China is looked at as a very lucrative and untapped poker market. But the chances of tapping this market are about as good as my chances of tapping Kate Upton after Chinese National Police raided the APPT Nanjing Millions tournament.
Staged in Nanjing, an Eastern Chinese city with 3.6 million residents, this tourney was expected to go off without a hitch like any other live PokerStars event. And at first, this looked to be the case since over 2,300 players entered the APPT Nanjing Millions. But that was until authorities showed up to the Wutaishan Sports Center and shut down the event. As World Gaming Magazine reported through their Facebook page, authorities hung a sign on the door that read:
“Due to the APPT Nanjing Millions tournament being suspected of illegal gambling, the police are now investigating and the event is being ceased. All related staff should go and register at the designated location and co-operate with the police for the investigation.”
There’s still a lot of mystery surrounding the crackdown, and a clear-cut answer has yet to be given for shutting the event down (beyond illegal gambling). But whatever the case may be, this definitely isn’t good for any ambitions surrounding the Chinese poker dream.

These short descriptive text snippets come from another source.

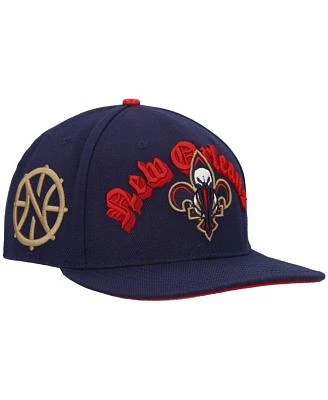 Men's Navy New Orleans Pelicans Old English Snapback Hat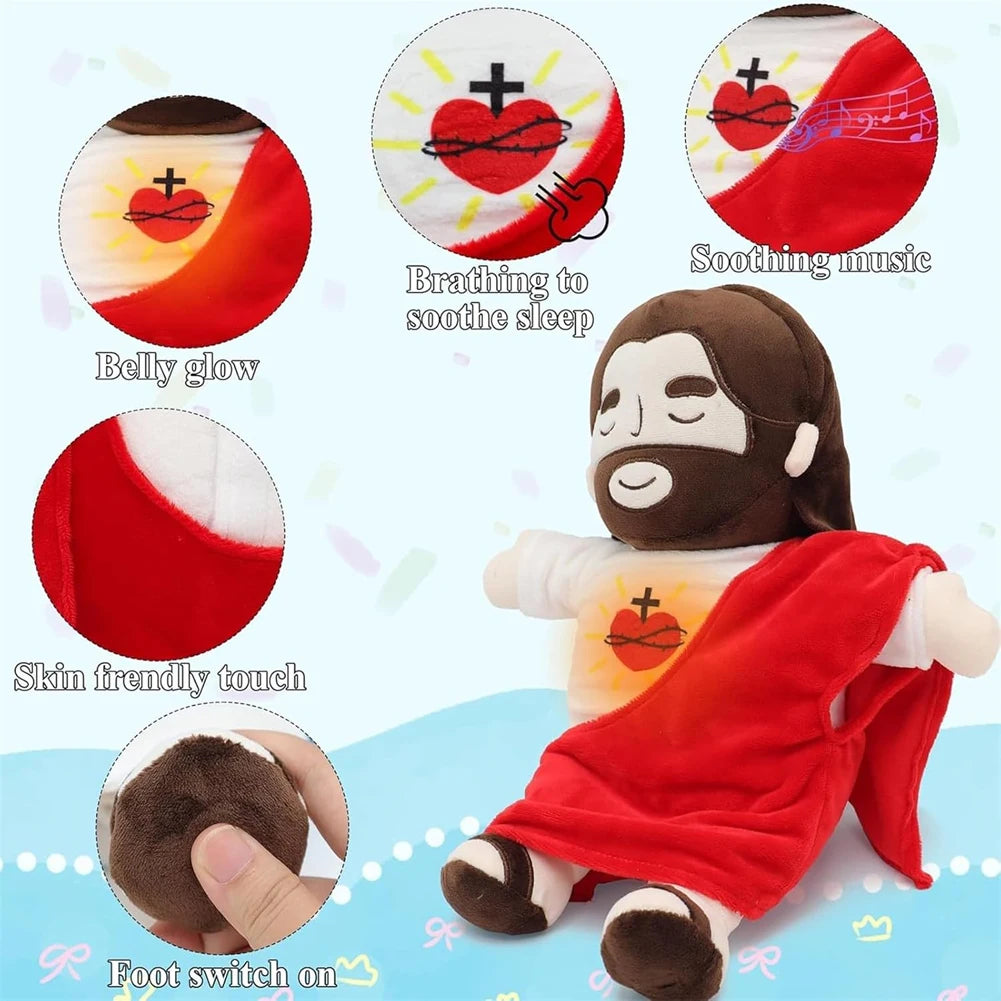 Breathing Jesus Plush Toy 32cm Soothing Stuffed Doll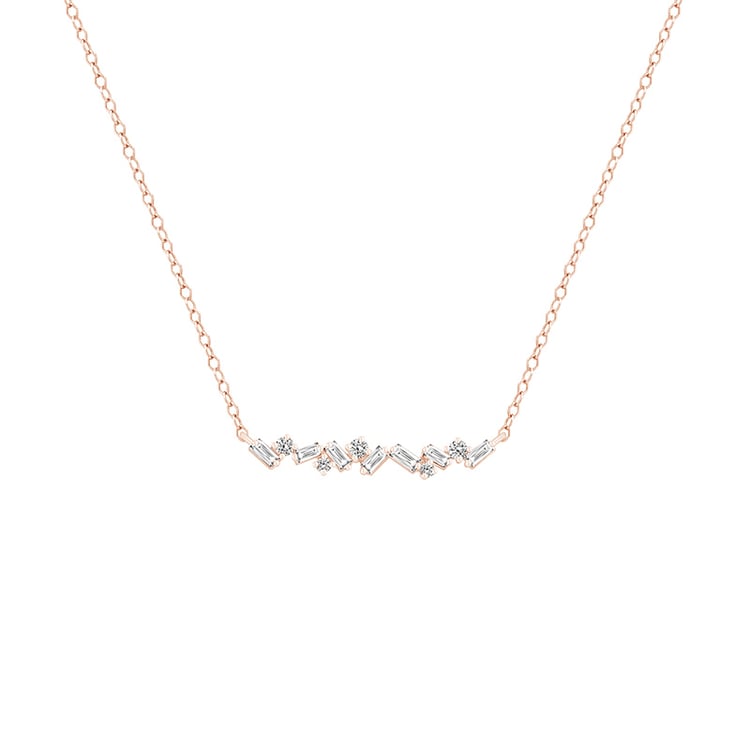 Náhrdelník s baguette diamantmi zo zlata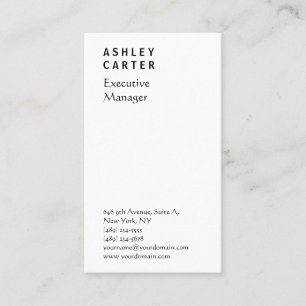 Professionele elegante witte vlakte manager modern visitekaartje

For the past few years, both players and poker operators have been looking to China as a country that could stimulate major growth in the game. However, China is currently in the midst of a crackdown on both gambling and political corruption. And it looks like their government officials aren’t buying the whole poker-is-a-skill-game argument that’s been flaunted in the U.S. so many times. Long story short, legal online poker in China may follow the same timeline as the invention of the hover car.